As, now equation (vi) is passing through the centre of the circle of equation (i), i.e. through (0, -6). So, now we can put (0, -6) to equation (vi). Hence, we get
$\begin{align}
  & {{\left( 0-2 \right)}^{2}}+{{\left( -6+4 \right)}^{2}}={{r}^{2}} \\
 & 4+4={{r}^{r}} \\
 & {{r}^{2}}=8 \\
\end{align}$
$r=2\sqrt{2}$……………….. (vii)
Now, put the value of r from the above equation to equation (vi). So, we get
$\begin{align}
  & {{\left( x-2 \right)}^{2}}+{{\left( y+4 \right)}^{2}}={{\left( 2\sqrt{2} \right)}^{2}}=8 \\
 & {{x}^{2}}+4-4x+{{y}^{2}}+16+8y=8 \\
 & {{x}^{2}}+{{y}^{2}}-4x+8y+12=0 \\
\end{align}$
Hence, option (b) is the correct option.

Note: One can suppose general point on the parabola ${{y}^{2}}=8x$ as well i.e. as $\left( {{h}_{1}}k \right)$ or any else.

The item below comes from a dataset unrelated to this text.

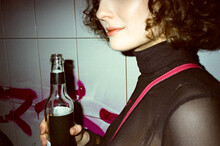Woman In Turtleneck Sweater Party Holding A Transparent Glass Bottle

But here, we need to use the relation ${{k}^{2}}=8h$ (if point supposed is $\left( {{h}_{1}}k \right)$) with the whole equation. As the number of variables will be reduced if we use parametric coordinates on any conic rather than supposing any general point and solution will get flexible as well by using parametric coordinates. Use the concept of tangent at any curve that tangent always touches any curve at only one point.
One may make the solution complex if he/she differentiate the equation of length from to point in its square root form. As we know ‘z’ will be minimum. So, minimize the square of distance between the centres.